PROBLEM DETAILS - In the reply, give back exactly the lines from the one with "Imagen 0 de Bota anacapa 2 mid gtx" through the last line of the records, without pictures.

DATASET RECORDS -

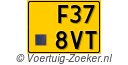 F-378-VT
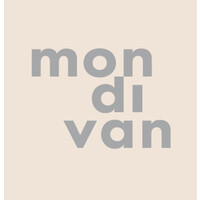 The Mondivan Group logo - Similar company to Good Talks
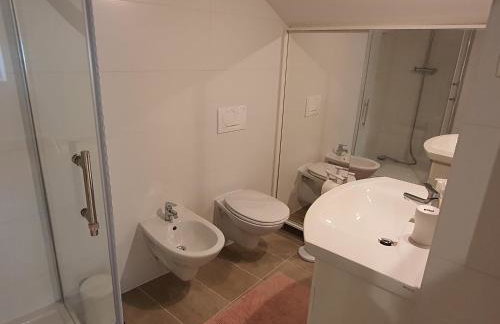 Kuća za odmor Žinžula - Foto 12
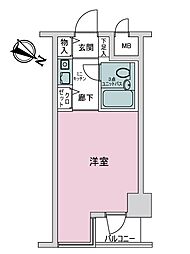 アクシルコート新大橋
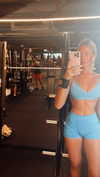 diana_polin Altpins Profile Picture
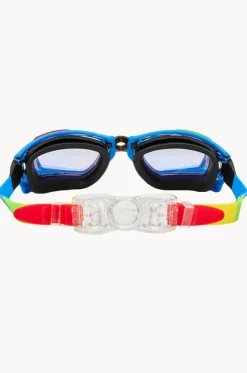 Junior Gamer Goggle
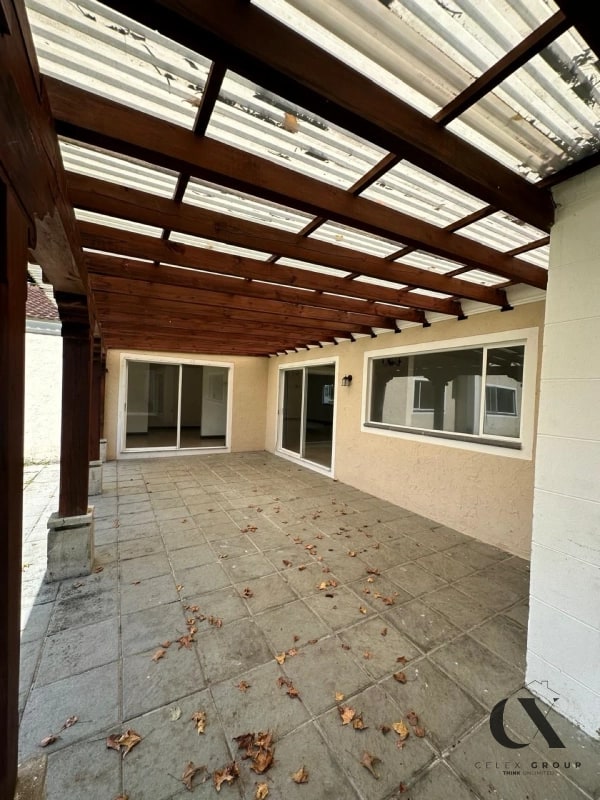 📍Casa en RENTA Casa y Campo, Carretera a El Salvador kilometro 23 - 4
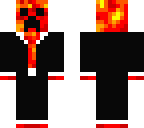 tbnrfrags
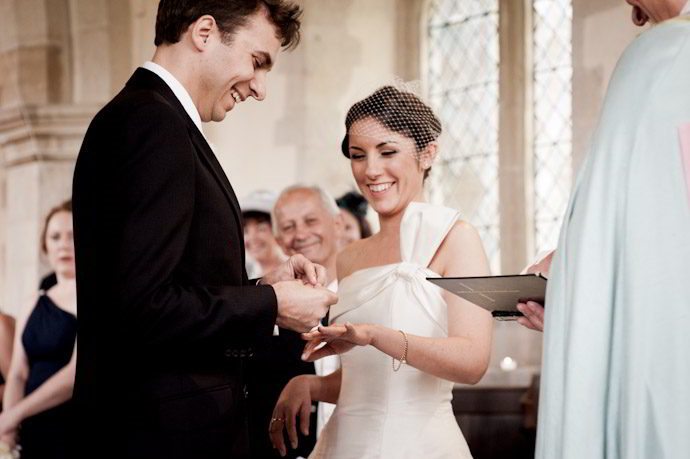 Notley-Abbey-Wedding-Photography_026.jpg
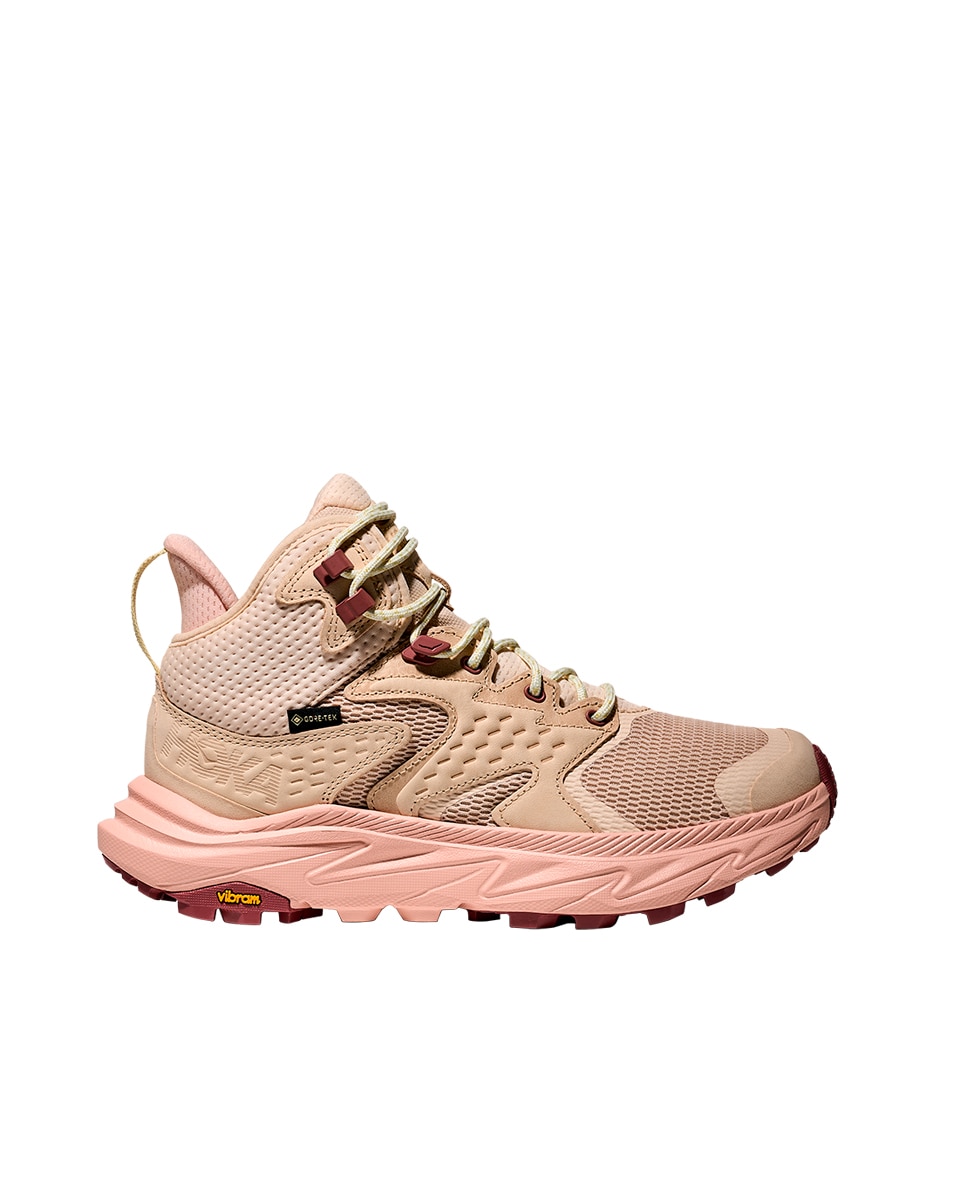Imagen 0 de Bota anacapa 2 mid gtx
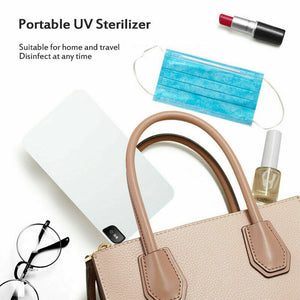 Steriliser Box Multi-function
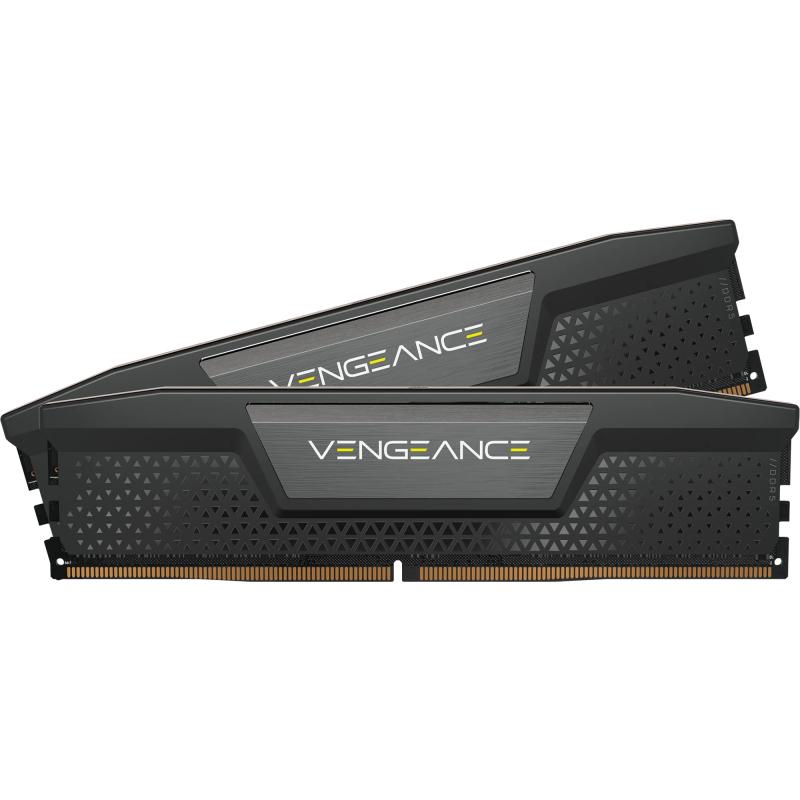 corsair-vengeance-cmk32gx5m2b6600c38-modulo-de-memoria-32-gb-2-x-16-gb-ddr5-6600-mhz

EXERCISE ANSWER -
Imagen 0 de Bota anacapa 2 mid gtx
 Steriliser Box Multi-function
 corsair-vengeance-cmk32gx5m2b6600c38-modulo-de-memoria-32-gb-2-x-16-gb-ddr5-6600-mhz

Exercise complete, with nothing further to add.